Information supplied ::
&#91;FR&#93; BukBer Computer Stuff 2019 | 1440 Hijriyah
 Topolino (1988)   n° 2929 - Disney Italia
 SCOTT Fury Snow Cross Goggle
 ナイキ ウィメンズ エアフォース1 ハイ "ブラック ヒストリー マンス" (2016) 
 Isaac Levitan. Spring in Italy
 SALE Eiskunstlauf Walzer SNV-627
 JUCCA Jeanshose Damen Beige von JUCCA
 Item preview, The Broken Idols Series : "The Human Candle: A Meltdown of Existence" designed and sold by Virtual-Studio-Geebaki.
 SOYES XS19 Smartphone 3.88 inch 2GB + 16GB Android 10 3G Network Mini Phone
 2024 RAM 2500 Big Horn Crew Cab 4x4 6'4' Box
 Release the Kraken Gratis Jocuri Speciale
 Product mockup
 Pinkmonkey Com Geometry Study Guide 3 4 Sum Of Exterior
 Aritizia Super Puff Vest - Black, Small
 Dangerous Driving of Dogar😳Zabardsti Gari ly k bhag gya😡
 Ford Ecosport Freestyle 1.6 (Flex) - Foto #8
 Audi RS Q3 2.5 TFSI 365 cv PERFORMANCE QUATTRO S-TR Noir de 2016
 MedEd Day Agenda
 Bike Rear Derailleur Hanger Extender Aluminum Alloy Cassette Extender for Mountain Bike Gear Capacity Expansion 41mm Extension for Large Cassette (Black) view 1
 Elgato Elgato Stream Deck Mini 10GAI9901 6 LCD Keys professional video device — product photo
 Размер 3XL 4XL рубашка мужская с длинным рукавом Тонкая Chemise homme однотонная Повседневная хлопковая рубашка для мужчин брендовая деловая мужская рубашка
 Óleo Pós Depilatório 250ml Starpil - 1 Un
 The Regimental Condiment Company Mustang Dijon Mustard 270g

Problem requirements :: Above are the entries. Output exactly the lines beginning with the line that has "Aritizia Super Puff Vest - Black, Small" and ending with the line that has "MedEd Day Agenda".

Task solution ::
 Aritizia Super Puff Vest - Black, Small
 Dangerous Driving of Dogar😳Zabardsti Gari ly k bhag gya😡
 Ford Ecosport Freestyle 1.6 (Flex) - Foto #8
 Audi RS Q3 2.5 TFSI 365 cv PERFORMANCE QUATTRO S-TR Noir de 2016
 MedEd Day Agenda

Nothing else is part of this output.